So it came as a shock that first spring evening when I sat on the back porch, expecting to enjoy the calls of the owls and a shot of Scotch, and instead had to listen to one side of two cell-phone conversations, replete with f-bombs, and a couple having an intimate chat about their plans for the night, and all they wanted to do when they went inside, also replete with f-bombs. I will never forget the heartfelt words I heard the chubby but marginally attractive, recent college-graduate wife say to her husband as they retired for the night. She was in their yard, 150 feet from my porch, calling their dog, when she uttered these arousing words. “Your dog doesn’t listen for shit.” I didn’t catch his reply because by then I was being eaten alive by mosquitoes and was likewise retreating inside.
    Bear in mind that the distances are the same as in my youth, there is a view-blocking and allegedly sound-deadening hedge I planted for my mother when I was in my 20s, and my hearing is certainly no better now then when I was a teen.

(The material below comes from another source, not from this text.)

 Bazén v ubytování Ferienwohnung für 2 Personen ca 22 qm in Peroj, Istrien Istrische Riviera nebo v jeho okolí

    Times change, yes, but did everyone go deaf when the 21st century arrived? And how is it possible that 20somethings are arguing about which porn video to watch so they can get revved for sex that night? You are fresh out of college and your sex life is struggling? How the hell is that possible? And isn’t that the sort of thing you should be discussing very quietly and discreetly, instead of telling me all about it, and the other neighbors as well?


So how do trees, quail, mosquitoes, and neighbors talking loudly of porn all connect in an alleged nature column? Well, here is the explanation, and believe me, you should care.

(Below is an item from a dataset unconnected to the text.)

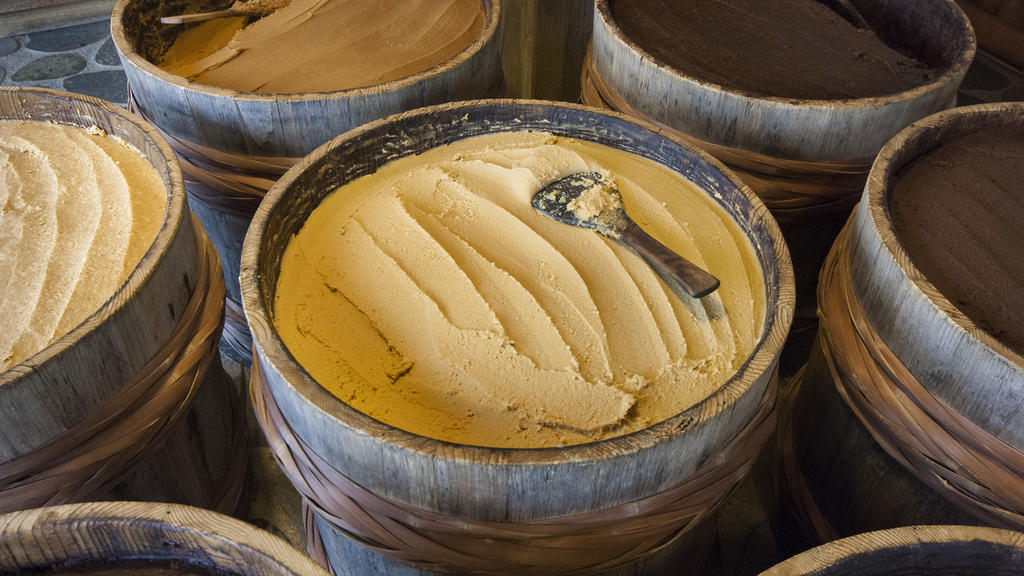 Miso in Japan in großen Fässern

    Logic, and a study on the topic (“Cellphone study confirms: Talking loudly in public to someone not there distracts others”), explain part of the problem with the cell-phone conversations. Where logic also takes us is, if you are a self-centered, oblivious slob who talks very loudly and constantly drops f-bombs while on a cell phone, you are likely to do the same when not on a phone. Some conjecture here, but if you are of the digital generation, and grew up sitting in front of a computer instead of playing sports or at least getting some exercise, and spent your teen years chasing virtual chicks on the web instead of real girls in the neighborhood, you may be mentally, physically, and emotionally out of synch and unprepared for the real world. So porn may be as essential to you at 24 as it was at 14, and will be at 34, 44, and so on. And you may be more likely than not to have a dog that doesn’t mind and a new wife who isn’t the most beautiful or cultured catch in her class. Like I said, logic and conjecture, and no studies to link you to here. But if you, or someone important to you, fit the profile, you should care.

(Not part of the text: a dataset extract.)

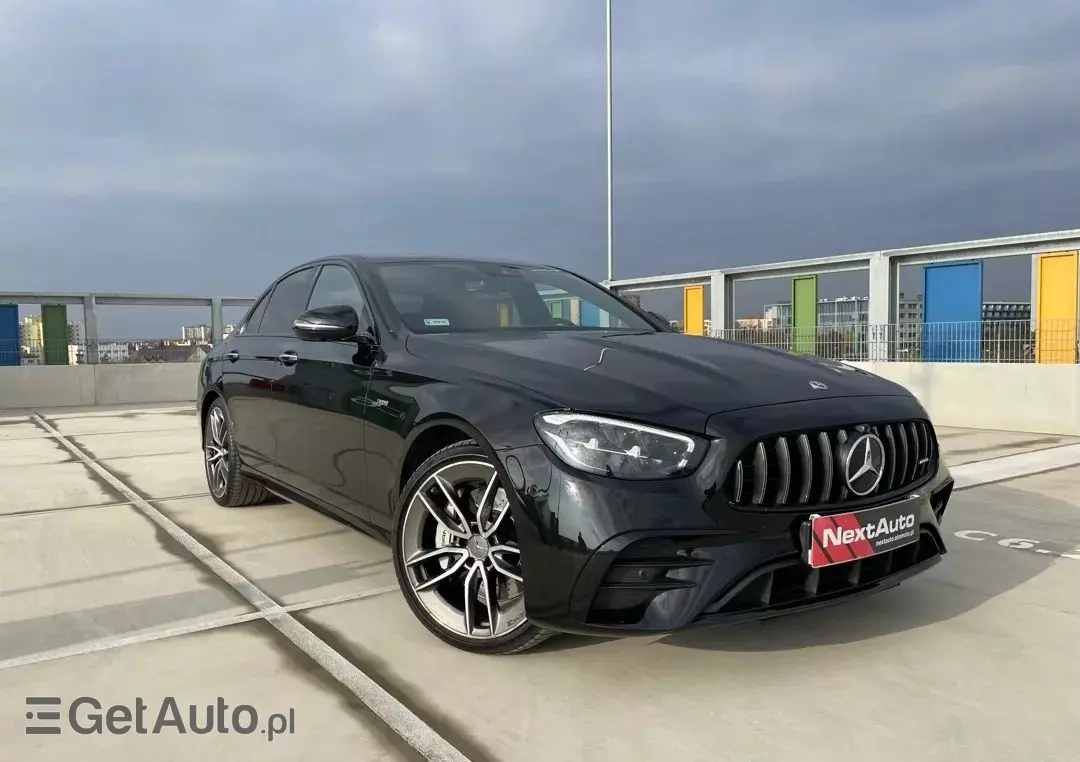 MERCEDES-BENZ Klasa E AMG 53 4-Matic+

Trees factor in as well. Believe it or not.
    When I lived in the old house as a child, the nearby brick ranches were part of a new neighborhood built into old forest and vegetation. Native trees and leafy wild plants in those backyards helped form a sound barrier between our back porch and theirs. Since then, thanks to ad campaigns foisted on a gullible public by Scotts and other facets of the lawn-industry mafia, homeowners have been shamed into destroying as much natural vegetation as possible to plant more of the green desert known as fescue. And why not? Image, and staying in lock-step with the neighbors, is all that matters: Why care about the environment?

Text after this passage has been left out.